I had. Vaguely. “I’ve heard it is really unpleasant.”

“Yeah. I’m sorry. There might be an alternative. There’s a medication you might be able to take instead. It depends on certain factors. We’ll see what the OBGYN recommends.”

I called Ian and told him. I felt like I was stabbing him, giving him such painful news. I’ve never heard his voice sound so broken the way it did that day. He and Jacob got picked up by a friend and came to the hospital while I waited for the OBGYN.

The doctor and student who came to talk to me were profoundly sympathetic and kind. They discussed the risks and benefits of both the D&C and taking the medication, and left the choice up to me. I chose the medication. Jacob and Ian came in and I got some amazing, big hugs. Jacob nursed a ton while the various doctors and nurses gave him adoring looks.

The doctor said, “We usually give this medication as a vaginal injection, but we looked it up and found that you can also take it in pill form. So we can give you a prescription for it and you can take it at home when you are ready.”

Wow. They get it. I don’t have to say anything. YES, a trans guy will likely prefer a pill. Why that isn’t normally available for cis women as well, I have no idea. I am only grateful on this day.

They told me what to expect and how to contact them if I had any questions. On my way out I thanked every nurse and doctor I saw. I caught Dr. Blundstone in between tasks and I said, “Every single person here has been so respectful and understanding. I really appreciate it. I’ve had some pretty bad experiences in the past…”

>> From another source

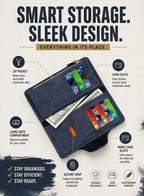 Dual Color Integrated Long Men Billfold 2 Pcs Kit, Magnetic Multi-Compartment Hand Wallet, Stylish Holiday Present, Black & Red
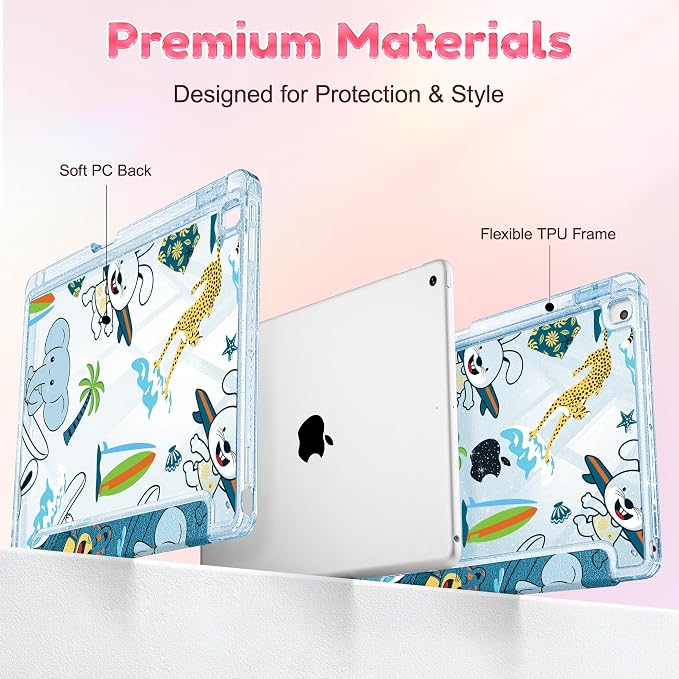 Mektron Sparkly Case for iPad 10.2 inch Glitter Tablet Cases for iPad 9th Gen 2021/8th Gen 2020/7th Gen 2019 Cover with Shiny Clear Back Shell Foldable Bling Smart Cover Blue Floral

“You will have them again. You know that. But I’m glad that people were good this time. I think things are changing. We are getting much more education about trans health care in med school and it is making such a difference.”

Ian, Jacob and I ate sushi with our friend and her son in the hospital lobby. We picked up the prescription and some heavy pads and then went home. I was exhausted from staying overnight in the hospital and decided to wait until the following day to take the medication. That was another process to go through. We all needed to rest and have time together first. We had to somehow catch up to the realization that for the past four weeks, while we were planning and dreaming about a new family member, our baby was already gone.